The island of Inchmarnock is an incredibly rare opportunity to own a beautiful island in the Firth of Clyde with hundreds of years of history and a staggeringly beautiful location.
With some properties it’s hard to know where to start. And in the case of Inchmarnock — an island in the Firth of Clyde, just across the water from Rothesay and just 40 miles as the crow flies from Glasgow — you begin to wonder if the word ‘property’ is even adequate.
This beautiful island of 660 acres — which is for sale through Strutt & Parker with a £1.4m price tag — has been used by people for thousands of years. It’s been a Bronze Age settlement, a medieval monastery, a burial ground for the Scots who were slain 750 years ago at the Battle of Largs, a 17th century hermit’s retreat, a smugglers’ hideout and a D-Day training ground.
It’s been inhabited, abandoned, repopulated, farmed and very probably used as a centre of learning by early Christians. Before the current owners took it on in 1999, it had been uninhabited for a quarter of a century.
Today, it offers a huge range of possibilities for whoever decides to take the place on. Herds of prime Scottish cattle have been raised here in recent years, and that farming could easily continue — but there are also fabulous sporting and leisure opportunities on an island that has five miles of coastland, woodland and open country.
One thing the island doesn’t currently have is a home — but the purchase does include a fine, four-bedroom house across the water at Straad, on the west coast of Bute.

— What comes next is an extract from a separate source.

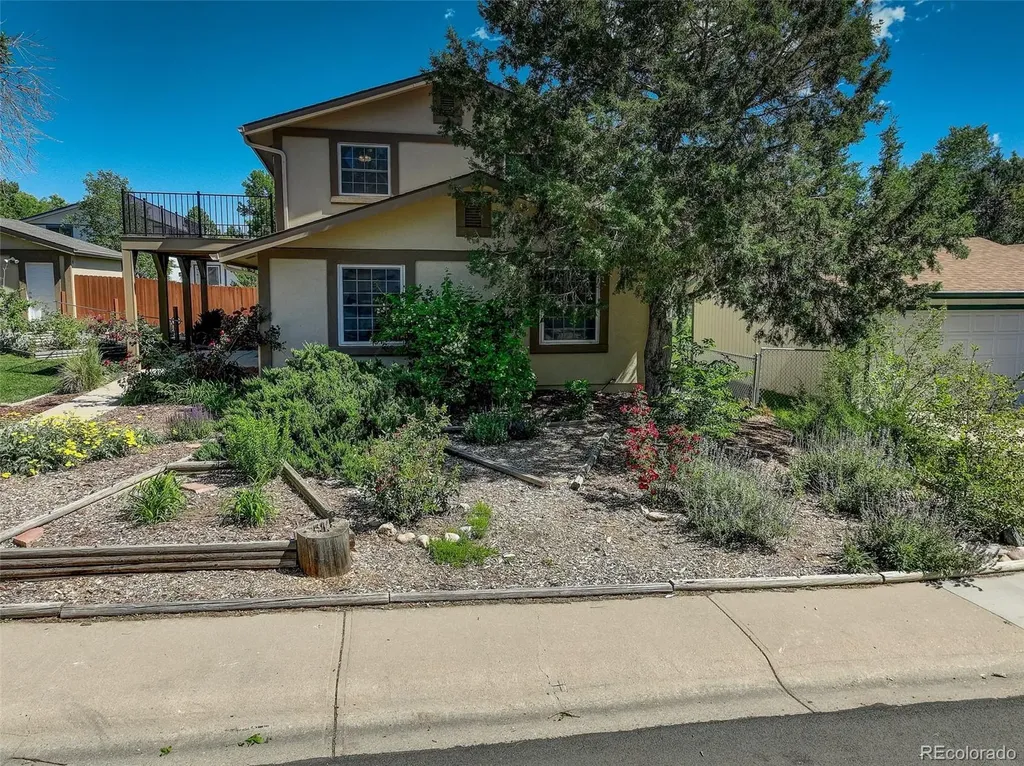 2018 Cheshire Street Fort Collins CO 80526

The house, currently used as a holiday home, has its own slipway for The Marnock, a ferry that was specially-built for transporting livestock and machinery to and from Inchmarnock.
The house is modern but very pleasant with open plan kitchen, dining room and sitting room, a large master bedroom, two more good-sized bedrooms and a box room.
It’s been used as a holiday home by the owners of Inchmarnock for many years and never rented out; the views are utterly charming, looking out across this beautifully-unspoilt landscape of sea, sky and islands.
While the island itself has no home at the moment, there are a number of ruined buildings — some ancient, some more modern — which could, subject to the usual approvals and procedures, be turned into habitable accommodation again.
While it’d be wonderful to see the island repopulated, of course, but there are possibilities of all sorts forsuch a prime piece of land — the ruins in particular could become magical holiday homes, for example. It’s hard to imagine a prettier, safer or more secluded place for a family holiday.
Given that, and given the extraordinarily reasonable-sounding purchase price of £1.4m, it’s no surprise to hear that agents Strutt & Parker expect global interest in the place.
‘Inchmarnock is a stunning island rich in possibility,’ says Diane Fleming of Strutt & Parker’s Edinburgh office. ‘It’s stunning, with great heritage and is a peaceful and secluded haven, yet it is relatively accessible from Scotland’s central belt. We expect significant interest from national and international buyers.’